Birds continue to accumulate in the mountains as the Laramie and Snowy Range become more accessible to birders and birds. A Williamson's Sapsucker, a somewhat uncommon breeder in the mountains here, was photographed at the Vedauwoo campground in the Laramie Range. White-throated Swifts were also found around Vedauwoo recently. Dusky Flycatchers seem to have returned to several places in both the Laramie and Snowy ranges, including the Happy Jack area and Rock Creek Canyon. Northern Waterthrushes, which breed along some of the creeks around the Snowies, were found in Rock Creek Canyon and at the MAPS banding station near Centennial. After a ton of effort this spring, Nate Behl and I finally found a Boreal Owl in the Snowies. After ~17 hours of birding across southeast Wyoming on May 13, we were delighted to hear one bird singing in the Brooklyn Lake area multiple times.
It seems that the vast majority of plains birds have returned to the area and are gearing up for the breeding season. A Common Yellowthroat was found at Hutton Lake NWR, 2 Eastern Kingbirds were found on the road to Hutton, and a Mountain Plover was found on Old Laramie River Road. Mountain Plovers breed in this area and in some of the prairie along Highway 34, but they are notoriously difficult birds to find. A great way to find them is to drive the northern part of Old Laramie River Road during a heavy spring snowstorm (like the one right now). They, along with thousands of other birds, can reliably found on the road in these conditions. Just make sure you don't get stuck -- this road can get pretty muddy.
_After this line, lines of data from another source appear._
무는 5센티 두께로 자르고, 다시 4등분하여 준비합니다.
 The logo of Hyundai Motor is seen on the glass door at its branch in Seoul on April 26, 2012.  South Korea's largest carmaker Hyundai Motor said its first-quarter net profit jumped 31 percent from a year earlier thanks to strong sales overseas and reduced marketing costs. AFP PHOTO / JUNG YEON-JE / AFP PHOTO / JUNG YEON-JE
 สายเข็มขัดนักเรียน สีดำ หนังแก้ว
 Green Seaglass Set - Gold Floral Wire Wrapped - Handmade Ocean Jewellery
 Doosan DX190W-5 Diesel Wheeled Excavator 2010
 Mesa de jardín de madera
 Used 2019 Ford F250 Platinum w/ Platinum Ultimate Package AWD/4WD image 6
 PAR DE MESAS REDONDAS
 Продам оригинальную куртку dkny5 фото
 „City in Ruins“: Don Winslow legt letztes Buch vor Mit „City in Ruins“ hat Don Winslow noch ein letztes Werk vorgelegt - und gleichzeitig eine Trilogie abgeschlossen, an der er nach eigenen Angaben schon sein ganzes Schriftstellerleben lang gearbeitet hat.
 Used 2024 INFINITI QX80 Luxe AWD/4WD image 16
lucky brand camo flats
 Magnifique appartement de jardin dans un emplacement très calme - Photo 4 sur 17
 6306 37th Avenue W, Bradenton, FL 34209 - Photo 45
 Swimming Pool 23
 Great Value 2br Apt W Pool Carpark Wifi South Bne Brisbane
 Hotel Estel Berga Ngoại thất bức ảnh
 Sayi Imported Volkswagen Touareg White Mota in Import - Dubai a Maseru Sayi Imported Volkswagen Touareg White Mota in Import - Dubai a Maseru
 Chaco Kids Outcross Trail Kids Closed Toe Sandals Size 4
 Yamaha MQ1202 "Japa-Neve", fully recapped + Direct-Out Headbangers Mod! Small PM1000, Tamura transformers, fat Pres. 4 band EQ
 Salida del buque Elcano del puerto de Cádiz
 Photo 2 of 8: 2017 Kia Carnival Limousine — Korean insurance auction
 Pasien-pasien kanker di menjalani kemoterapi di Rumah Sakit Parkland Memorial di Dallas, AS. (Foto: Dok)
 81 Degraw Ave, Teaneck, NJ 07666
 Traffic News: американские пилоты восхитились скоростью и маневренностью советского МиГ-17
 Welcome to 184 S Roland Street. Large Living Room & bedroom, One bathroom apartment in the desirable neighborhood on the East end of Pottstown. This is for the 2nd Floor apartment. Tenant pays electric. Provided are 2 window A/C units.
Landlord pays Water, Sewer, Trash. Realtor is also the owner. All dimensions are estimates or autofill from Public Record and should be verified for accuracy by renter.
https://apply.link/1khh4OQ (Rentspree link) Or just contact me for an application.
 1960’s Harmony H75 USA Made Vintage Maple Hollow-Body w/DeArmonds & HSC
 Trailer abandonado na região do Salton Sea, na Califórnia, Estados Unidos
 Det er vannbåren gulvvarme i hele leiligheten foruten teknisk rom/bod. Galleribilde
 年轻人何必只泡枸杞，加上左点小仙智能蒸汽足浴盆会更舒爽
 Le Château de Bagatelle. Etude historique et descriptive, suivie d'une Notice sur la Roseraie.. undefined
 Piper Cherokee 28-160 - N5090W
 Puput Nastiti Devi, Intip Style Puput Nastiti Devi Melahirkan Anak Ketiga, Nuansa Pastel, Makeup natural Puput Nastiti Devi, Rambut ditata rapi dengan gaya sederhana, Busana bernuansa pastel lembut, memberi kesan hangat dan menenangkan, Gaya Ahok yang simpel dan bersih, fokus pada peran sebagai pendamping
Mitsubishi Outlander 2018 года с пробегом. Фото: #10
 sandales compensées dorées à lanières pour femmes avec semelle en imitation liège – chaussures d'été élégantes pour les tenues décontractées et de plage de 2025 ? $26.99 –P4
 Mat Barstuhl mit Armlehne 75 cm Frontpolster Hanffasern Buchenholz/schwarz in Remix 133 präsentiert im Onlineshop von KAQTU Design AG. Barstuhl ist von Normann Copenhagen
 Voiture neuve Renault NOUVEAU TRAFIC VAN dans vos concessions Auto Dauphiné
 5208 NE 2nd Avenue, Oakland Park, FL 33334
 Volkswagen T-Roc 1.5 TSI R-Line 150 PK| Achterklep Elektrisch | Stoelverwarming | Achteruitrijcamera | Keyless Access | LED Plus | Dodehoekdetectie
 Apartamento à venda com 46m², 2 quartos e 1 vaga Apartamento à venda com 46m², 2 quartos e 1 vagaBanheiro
|Indigo Bunting. Photo by Laurel Armstrong.|
Lots of fun birds have been found in and around town recently. Swainson's Thrushes, Broad-winged Hawks, and Western Tanagers have been seen at several spots in town. In what continues to be a good spring for Zonotrichia sparrows, a White-throated Sparrow was found along the Greenbelt. A Lazuli Bunting was also seen along the Greenbelt recently. Finally, Laurel Armstrong continues to find great birds in her yard on the east side of town -- both an Indigo Bunting and a Gray Catbird were seen in the past couple days.
Today is a good day to get out and go birding! These late spring snowstorms are really hard on birds, but they offer us great opportunities to observe them. Birding the plains can be very productive in these conditions, as birds congregate in large numbers near roads, but birding around town can -- especially at feeders, can produce some very interesting sightings. As I write this, there are 10 Green-tailed Towhees, 12 White-crowned Sparrows, a Lark Sparrow, a Brewer's Sparrow, and a few Vesper Sparrows at my feeder.